### Source material
____

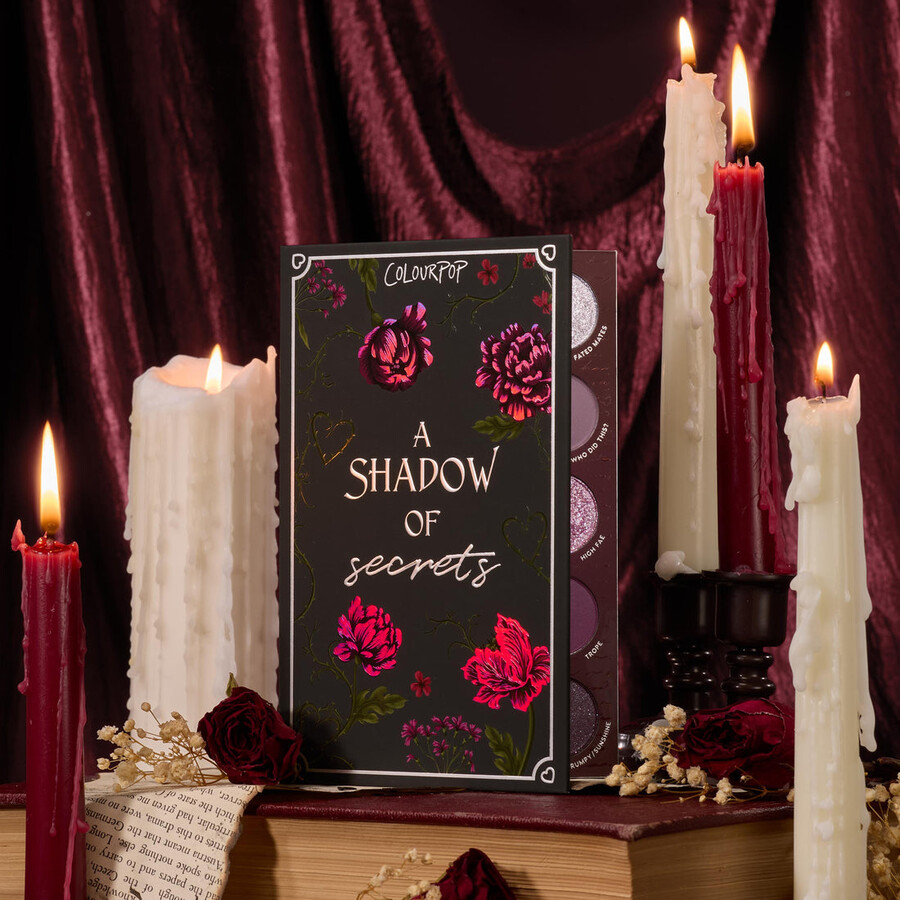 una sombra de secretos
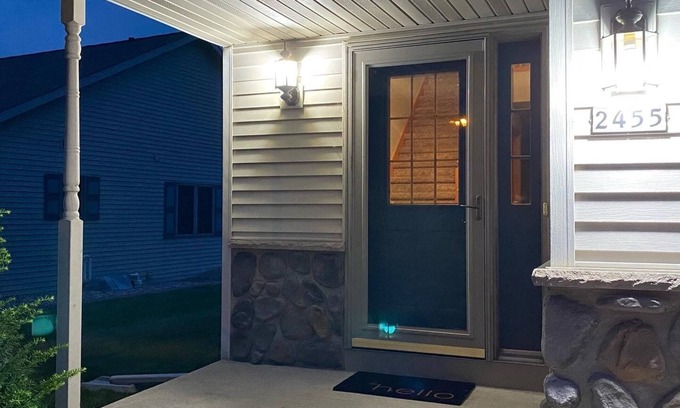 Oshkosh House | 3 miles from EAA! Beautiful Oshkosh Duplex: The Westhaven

____

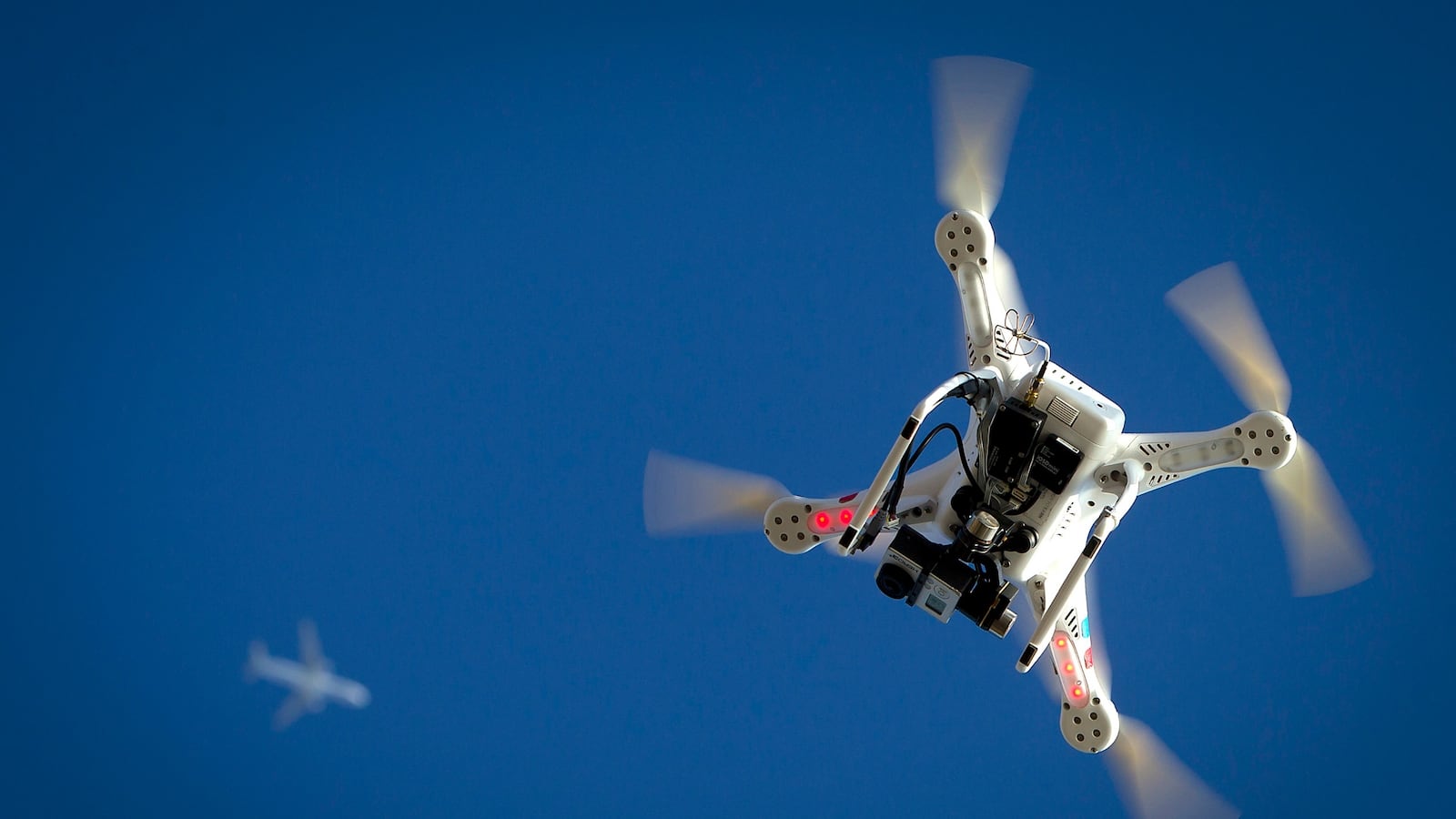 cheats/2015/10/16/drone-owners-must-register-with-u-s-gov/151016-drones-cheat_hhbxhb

____

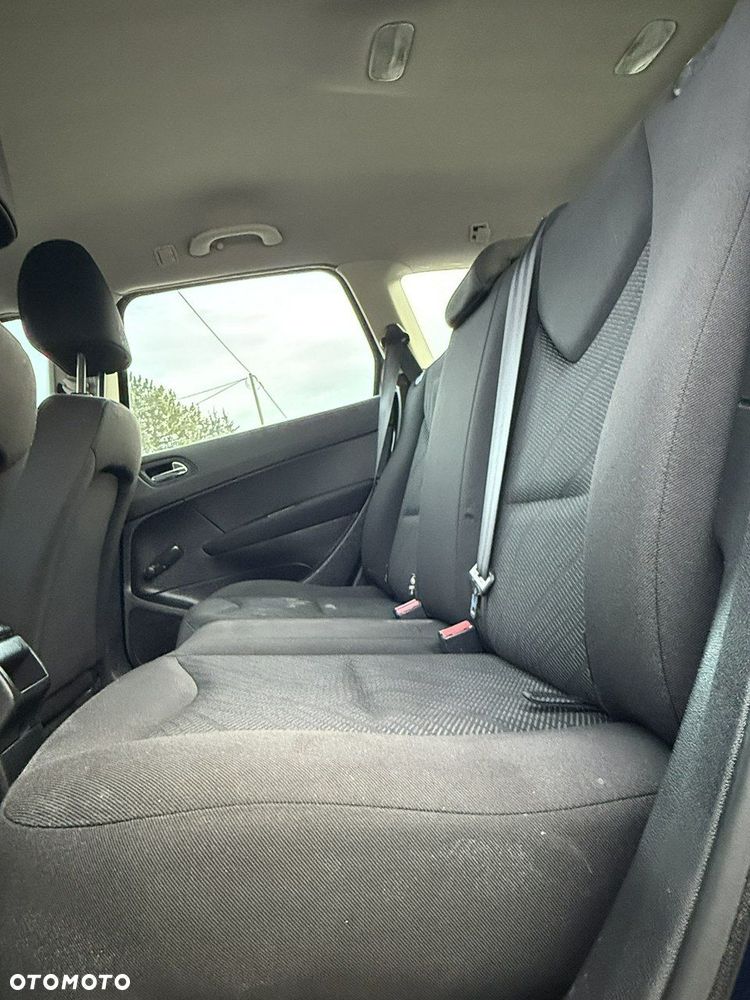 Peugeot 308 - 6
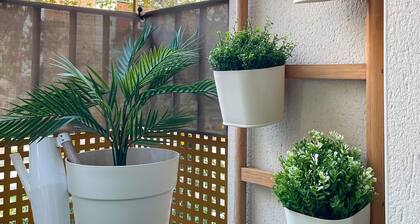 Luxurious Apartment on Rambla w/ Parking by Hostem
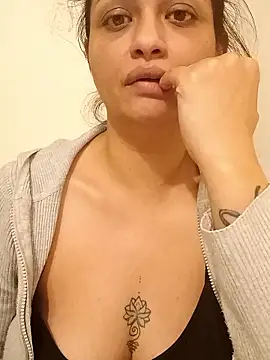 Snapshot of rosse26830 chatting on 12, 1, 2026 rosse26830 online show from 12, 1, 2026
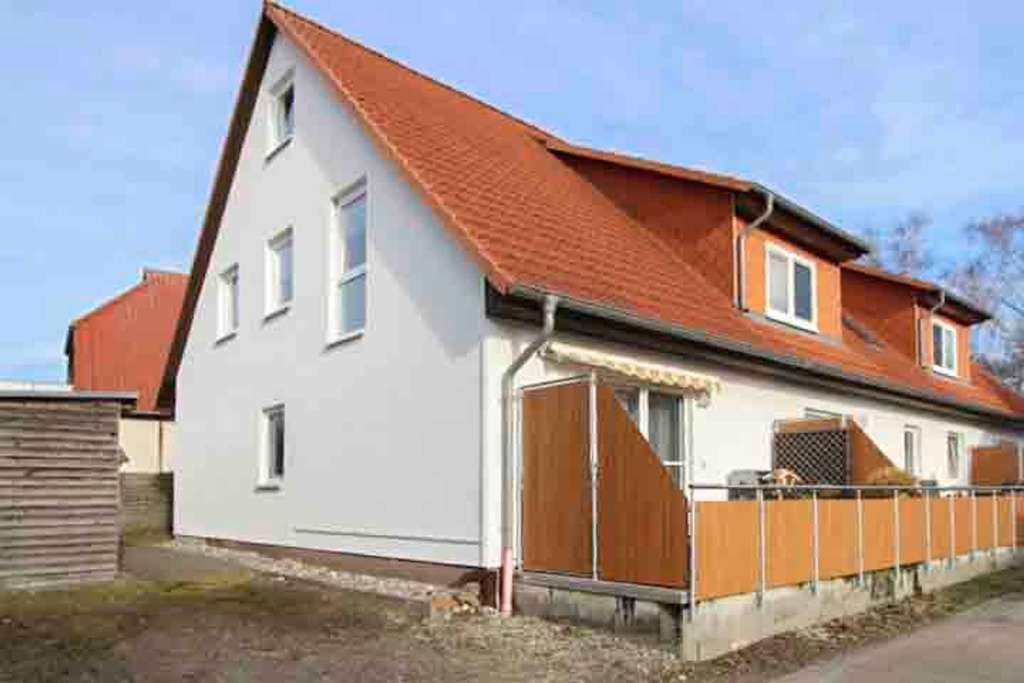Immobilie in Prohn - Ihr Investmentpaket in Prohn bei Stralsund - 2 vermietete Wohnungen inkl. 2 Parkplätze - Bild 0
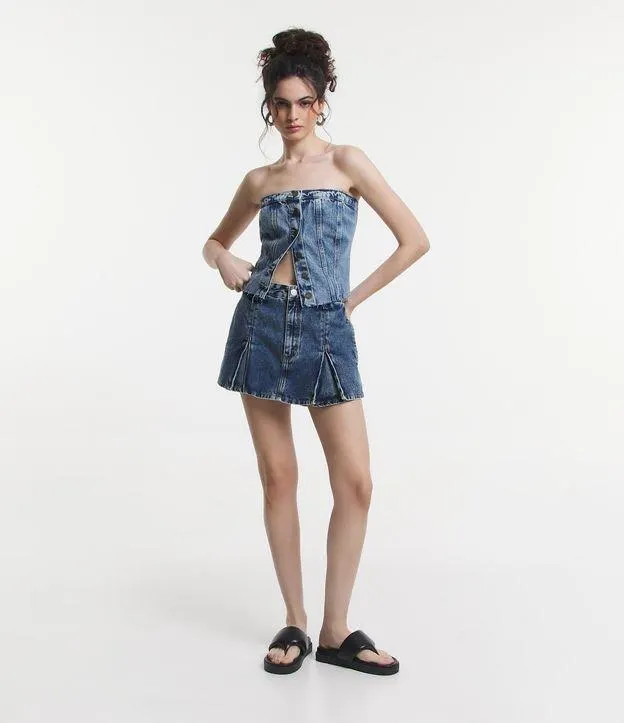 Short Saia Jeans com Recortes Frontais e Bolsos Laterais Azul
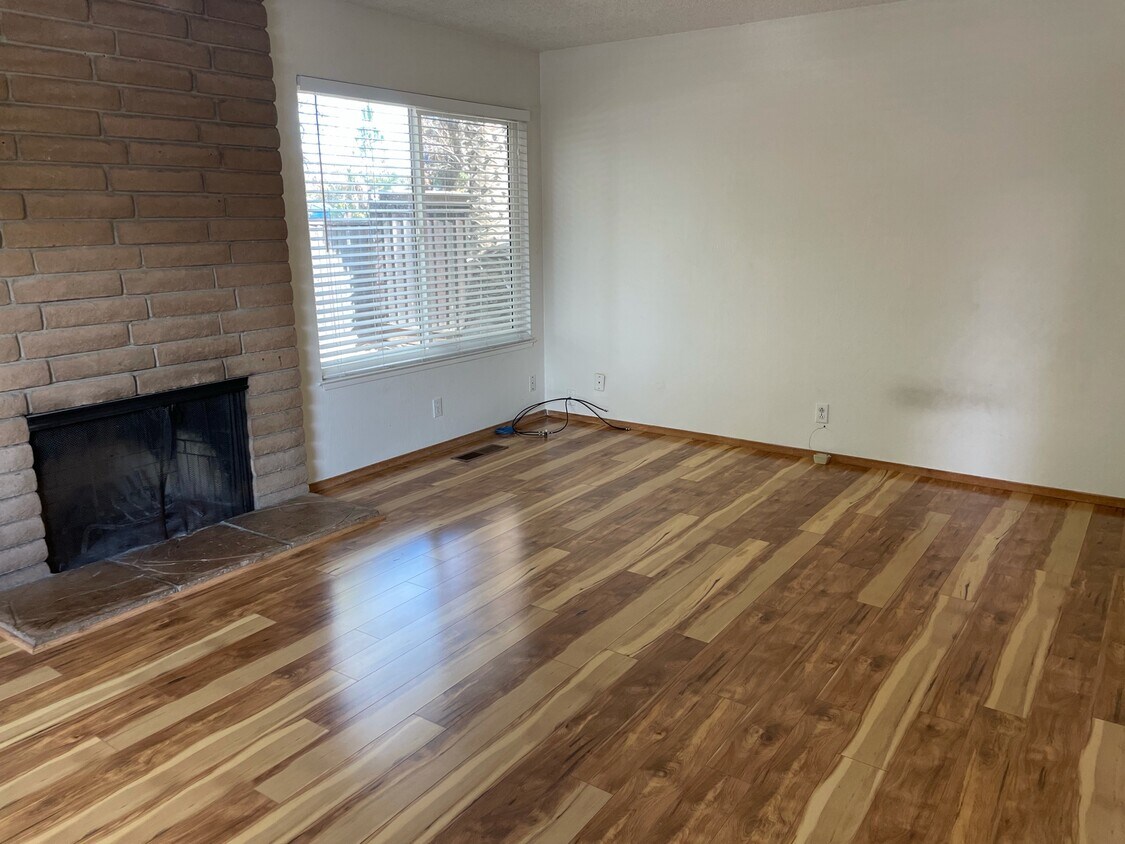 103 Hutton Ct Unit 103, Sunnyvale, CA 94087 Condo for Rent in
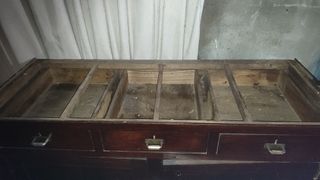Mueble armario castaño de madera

____

### What is needed
Lines from the one above containing "una sombra de secretos" down to the one containing "Oshkosh House |" should be transcribed exactly, with both ends kept and no pictures.

### Written solution
 una sombra de secretos
 Oshkosh House | 3 miles from EAA! Beautiful Oshkosh Duplex: The Westhaven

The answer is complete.